- **EXERCISE OBJECTIVE**:
Please retype exactly the lines from the one containing "GORGEOUS FOREVER 21" through the end of the records, leaving out the pictures.

DATASET section start

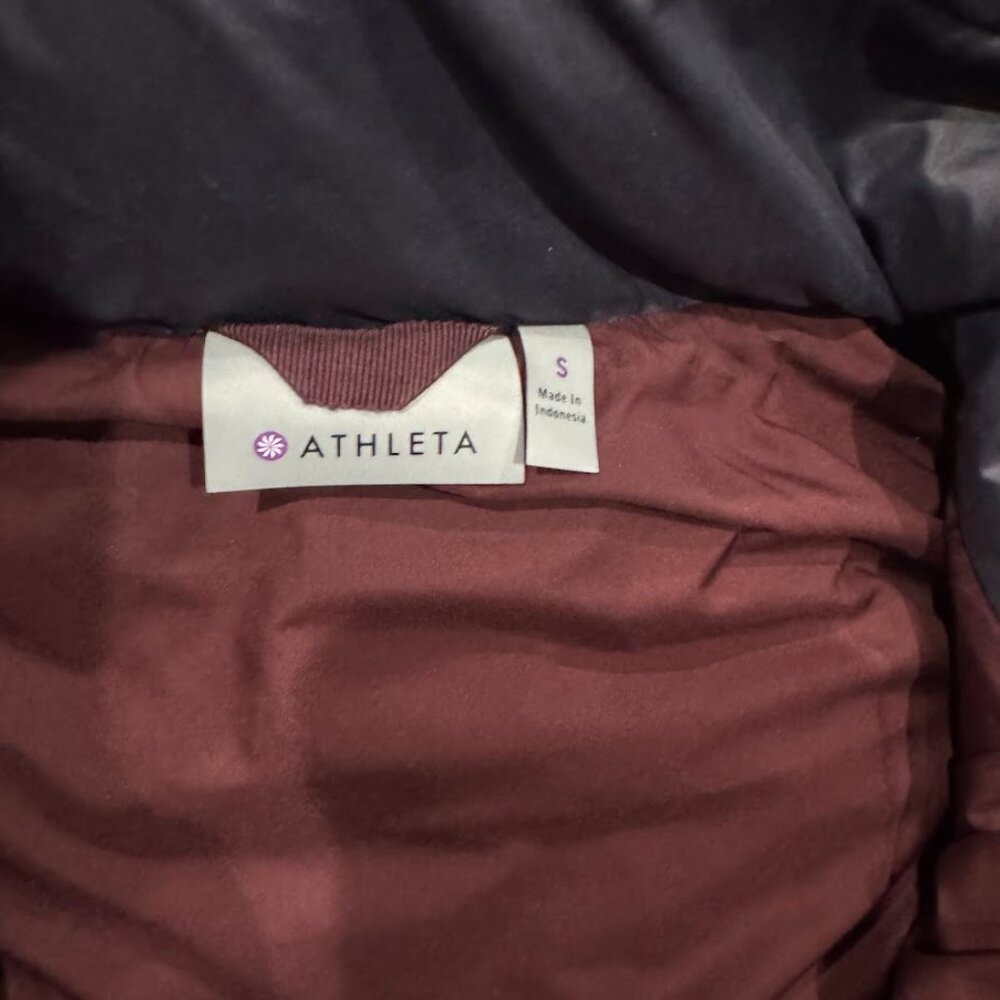 Athleta Navy Puffer Vest Size Small - Picture 3 of 5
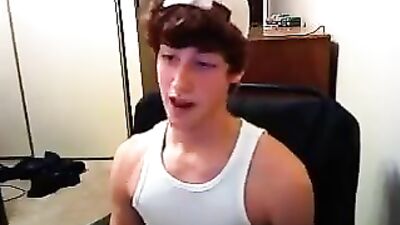 Gum-chewing jock boy cums again on webcam - Amature Cum Shots Solo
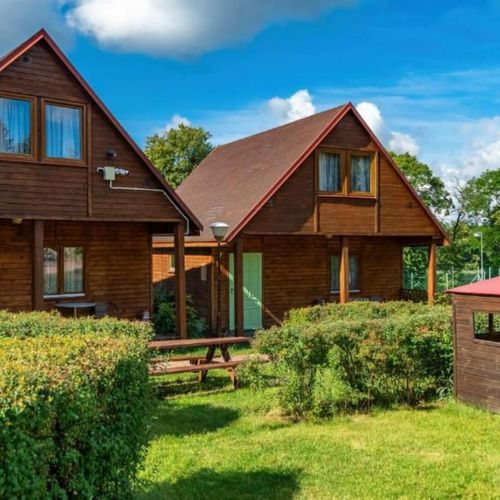 Domek drewniany 7-osobowy Przyjazny podróżom rodzinnym częściowo z widokiem na jezioro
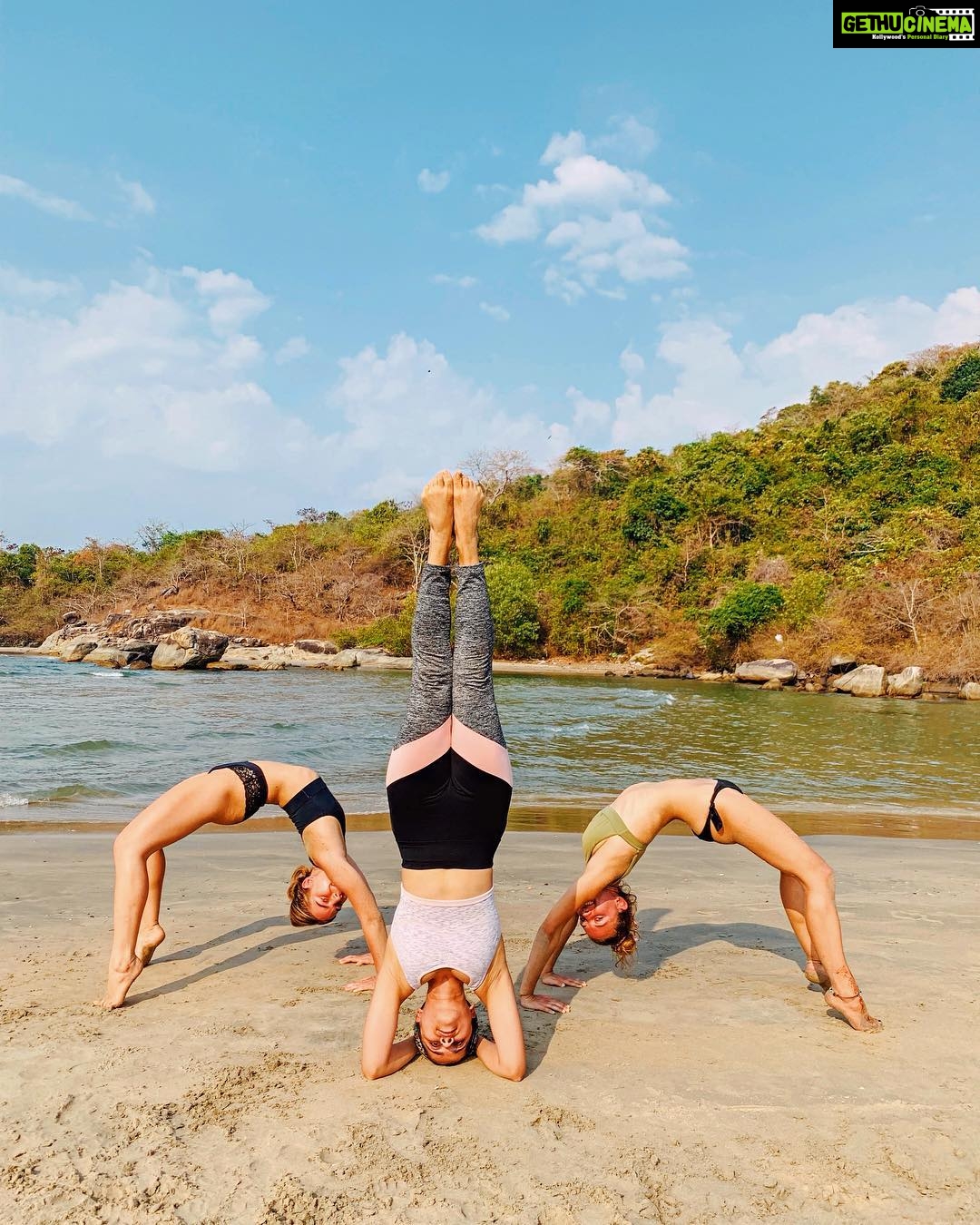 Aparnaa Bajpai Instagram - Inhale the present, exhale the past and the future❤️ #goa #kashishyoga #travel #india #yoga #yogaposes Goa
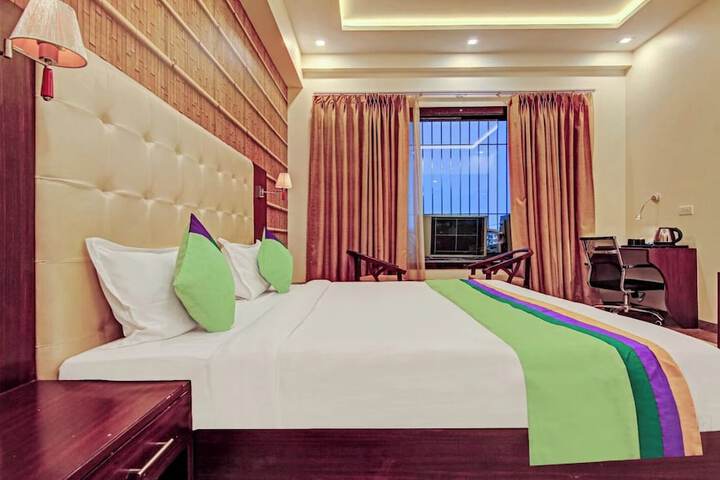 Room 4 of 12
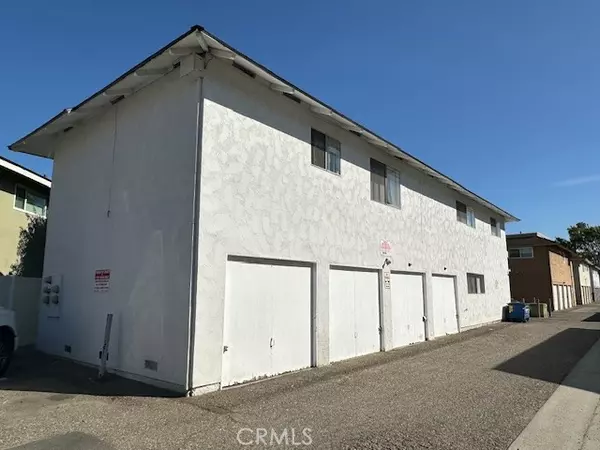 Huntington Beach, CA 92647,17061 Grove CIR A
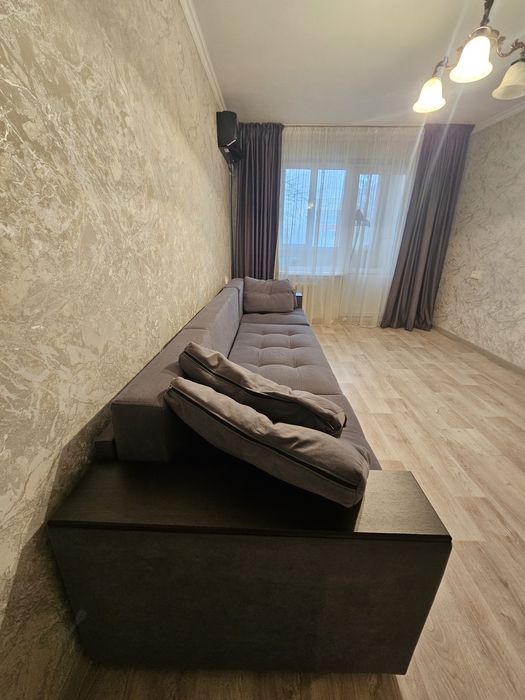 Продам диван 3.2 метра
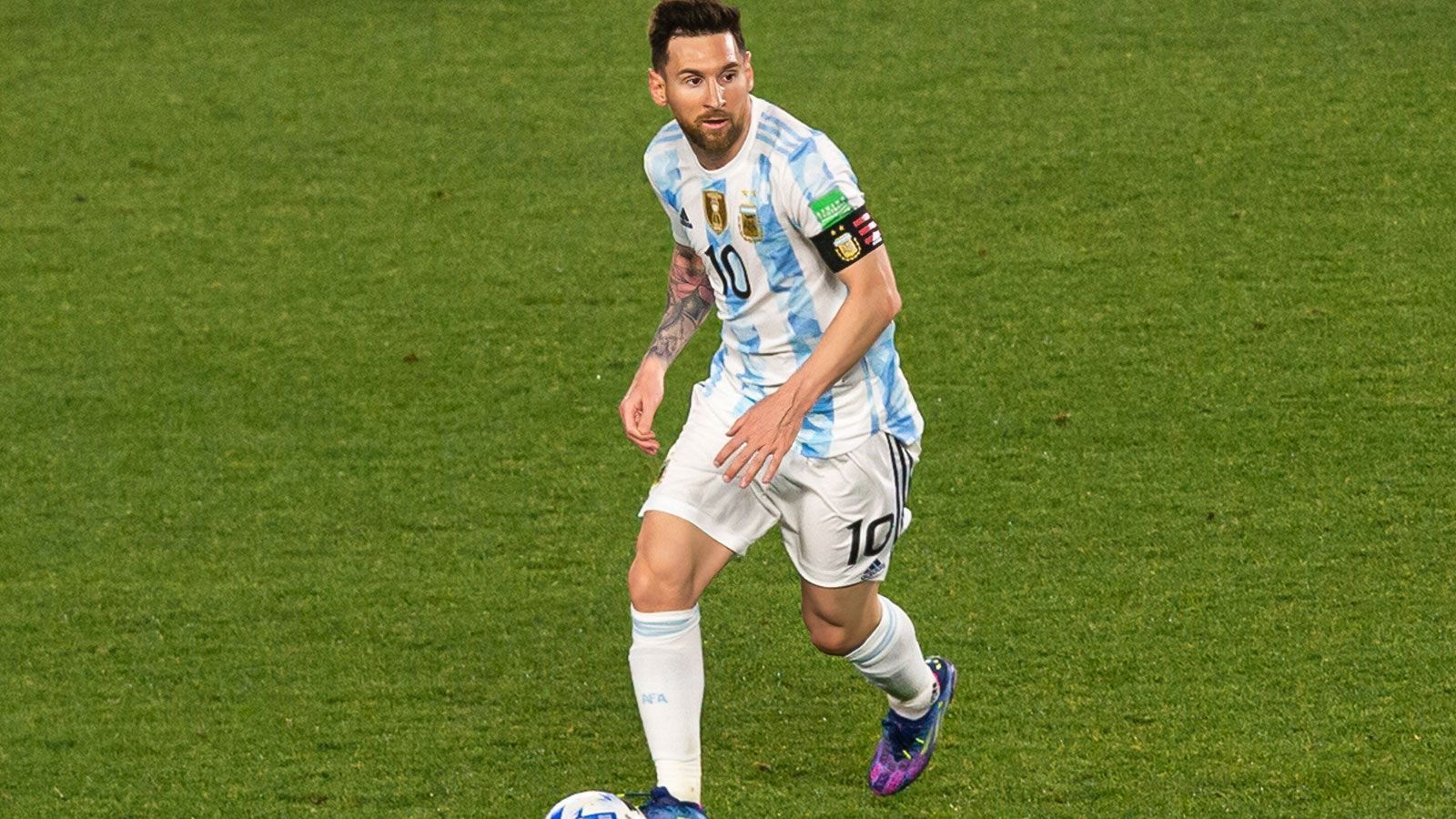 
                <strong>Lionel Messi (Kapitän Argentinien)</strong><br>
                &#x2022; Neymar -<br>&#x2022; Kylian Mbappe -<br>&#x2022; Karim Benzema<br>
              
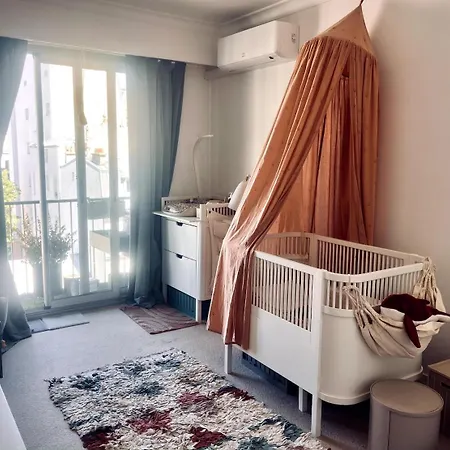 Rare ! 4br Penthouse With Terraces, Up To 7p, Near Champs-elysees * パリ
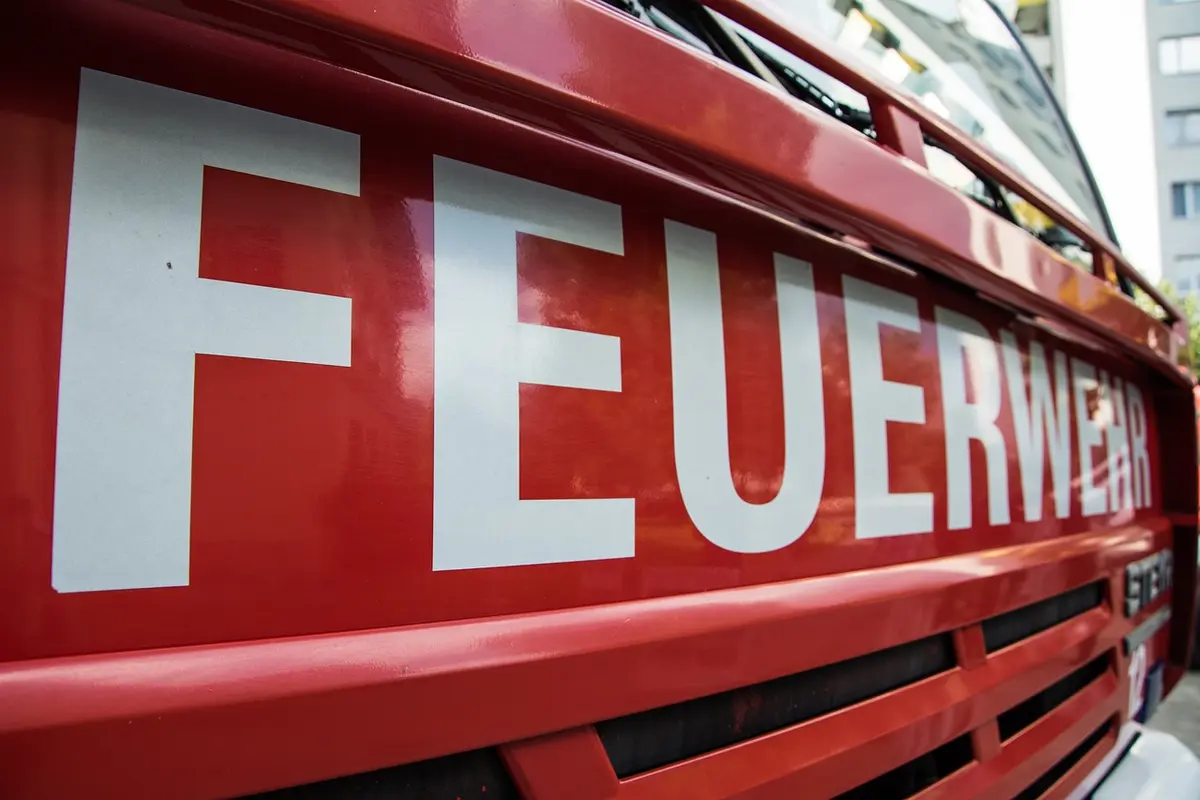 Schriftzug "Feuerwehr" an einem Fahrzeug.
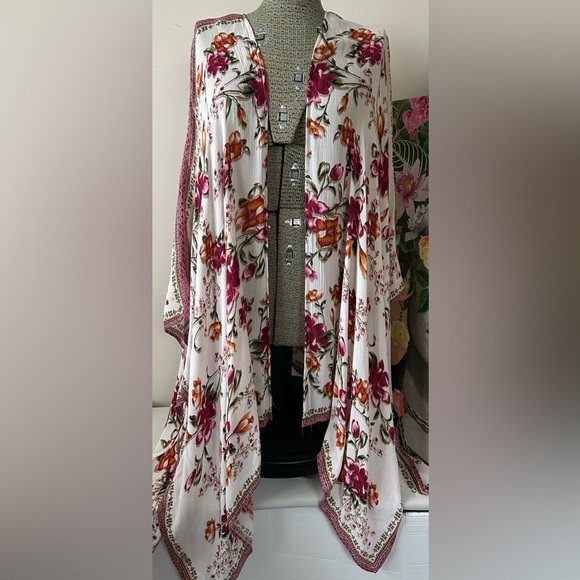 GORGEOUS FOREVER 21 FLORAL KIMONO XL/1X BEAUTIFUL PRINT,GENEROUS CUT, BOHO VIBES - Picture 2 of 6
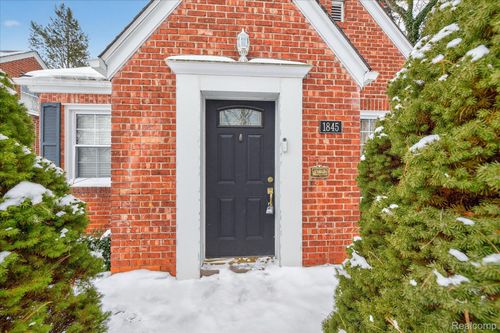 1845 Oxford Rd, Grosse Pointe Woods, MI, 48236-1847 | Card Image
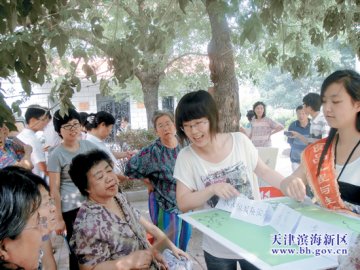 啥样的食品才安全 食品专业大学生为居民讲解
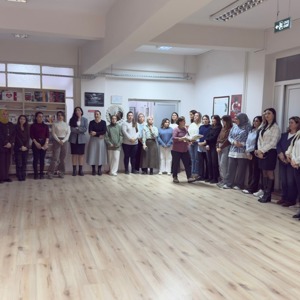 Edirne Aile ve Sosyal Hizmetler İl Müdürü Harun TOHUMCU, Kurum Bünyesinde Görev Yapan Kadın Personellerin 5 Aralık Dünya Kadın Hakları Günü’nü Kutladı. - fotoğraf 3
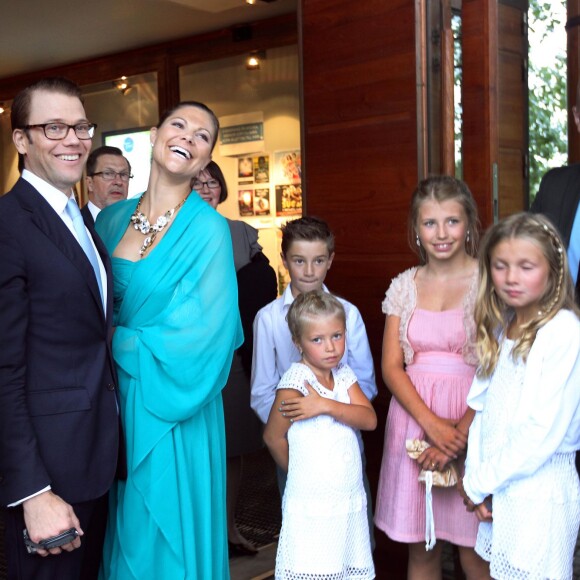 Le prince Daniel et la princesse Victoria de Suède au mariage d'Anna Westling, soeur du prince, en août 2011.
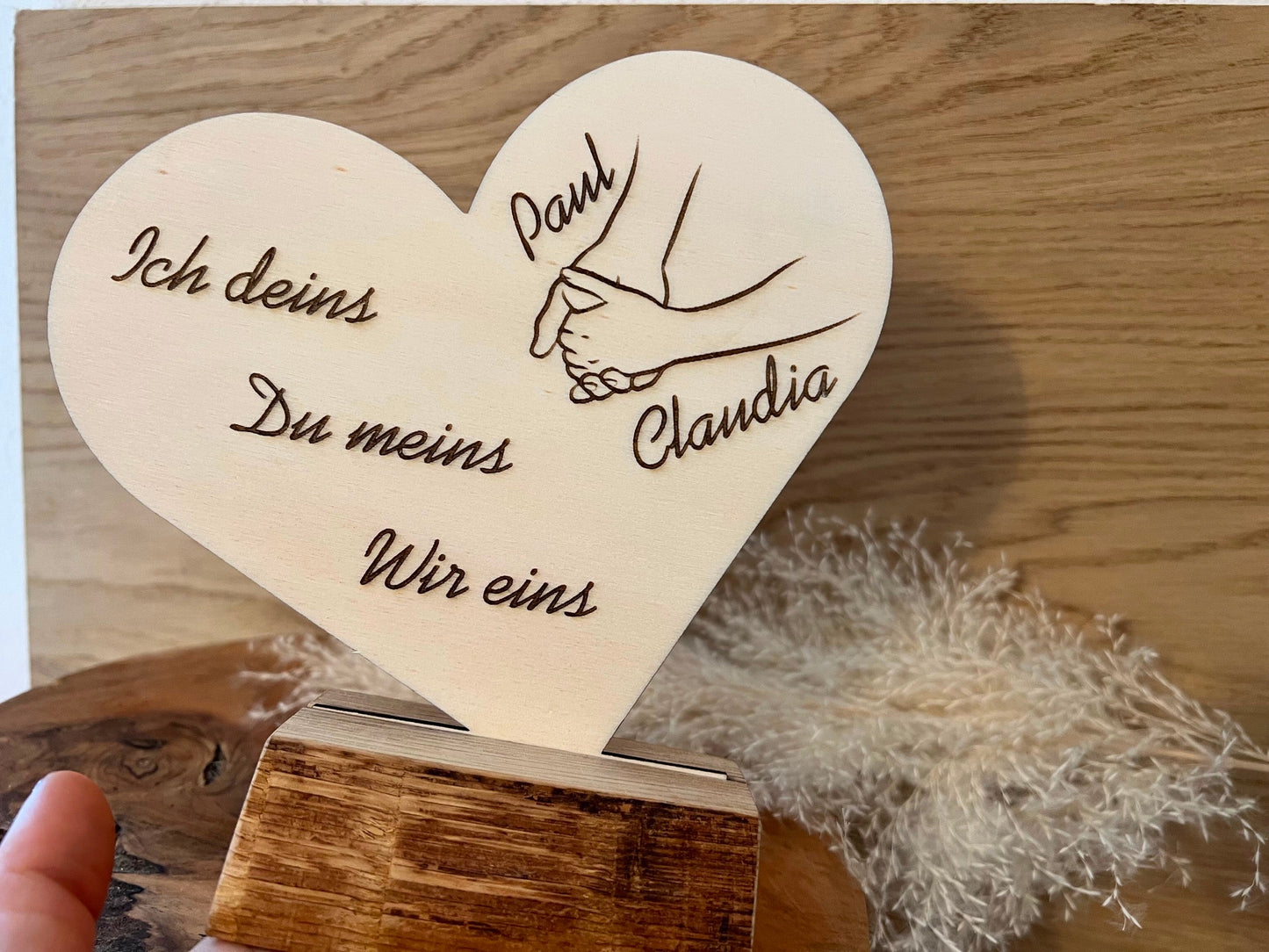 Personalisiertes Herz aus Holz mit den Wunschnamen und dem Spruch: Ich deins, du meins, wir eins. Dabei ist ein Holzständer aus Eichenholz wo das Herz hineingesteckt werden kann.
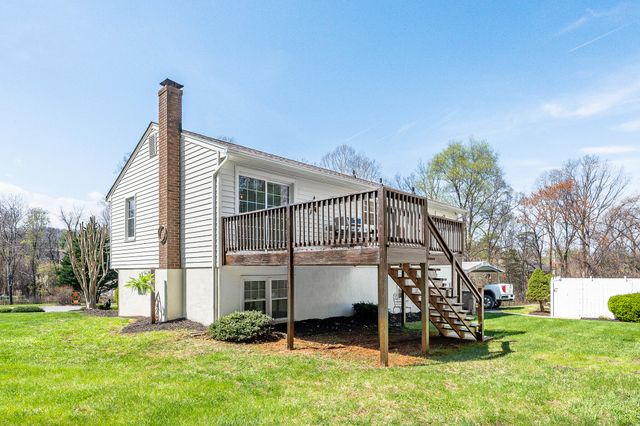 1136 Coolbrook RD, Bedford, VA 24523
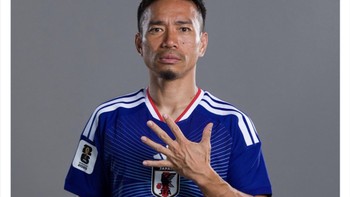 Yuto Nagatomo mencetak sejarah dengan tampil di 5 Piala Dunia yang berbeda. Foto: Pool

DATASET section end

- **ANSWER BOX**:
 GORGEOUS FOREVER 21 FLORAL KIMONO XL/1X BEAUTIFUL PRINT,GENEROUS CUT, BOHO VIBES - Picture 2 of 6
 1845 Oxford Rd, Grosse Pointe Woods, MI, 48236-1847 | Card Image
 啥样的食品才安全 食品专业大学生为居民讲解
 Edirne Aile ve Sosyal Hizmetler İl Müdürü Harun TOHUMCU, Kurum Bünyesinde Görev Yapan Kadın Personellerin 5 Aralık Dünya Kadın Hakları Günü’nü Kutladı. - fotoğraf 3
 Le prince Daniel et la princesse Victoria de Suède au mariage d'Anna Westling, soeur du prince, en août 2011.
 Personalisiertes Herz aus Holz mit den Wunschnamen und dem Spruch: Ich deins, du meins, wir eins. Dabei ist ein Holzständer aus Eichenholz wo das Herz hineingesteckt werden kann.
 1136 Coolbrook RD, Bedford, VA 24523
 Yuto Nagatomo mencetak sejarah dengan tampil di 5 Piala Dunia yang berbeda. Foto: Pool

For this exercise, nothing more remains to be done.